Start with Arrow's Impossibility Theorem. You have the maths to better
understand this stuff than me.

[https://en.wikipedia.org/wiki/Arrow's_impossibility_theorem](https://en.wikipedia.org/wiki/Arrow's_impossibility_theorem)

[https://www.math.wisc.edu/~meyer/math141/voting2.html](https://www.math.wisc.edu/~meyer/math141/voting2.html)

I have focused on election integrity. For me, arguing the relative merits
ranked choice voting strategies is (unforgivable) bikeshedding and ultimately
results in no action. Like getting stuck arguing 4.5x vs 4.75x better than
FPTP while the world burns.

For election integrity, other real world concerns also must be factored. Like
voter education, verifying the hardware & software, ease of tabulation &
auditing, feasibility of doing a manual recount, etc.
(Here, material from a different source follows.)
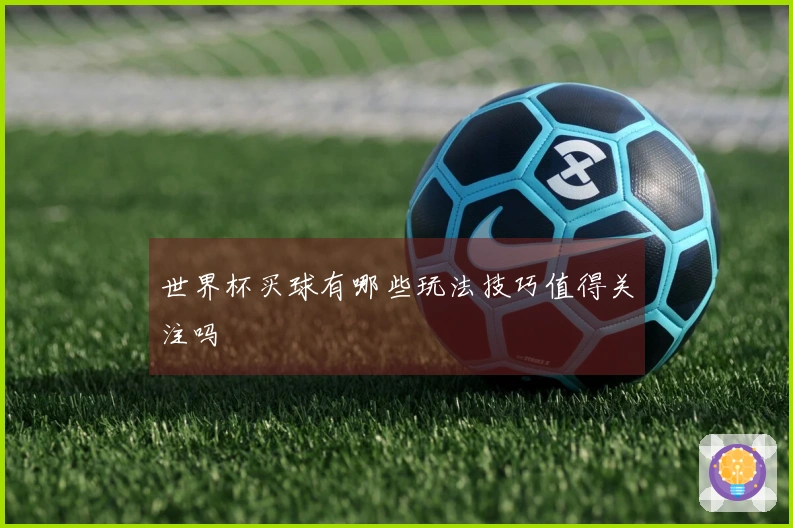 世界杯买球有哪些玩法技巧值得关注吗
In conclusion, Approval Voting is almost as fair as the ideal Score Voting but
much easier to implement.

------
nayuki
CGP Grey talking about approval voting:
[https://www.youtube.com/watch?v=orybDrUj4vA](https://www.youtube.com/watch?v=orybDrUj4vA)

------
a_imho
Sortition is the most democratic way of electing representatives.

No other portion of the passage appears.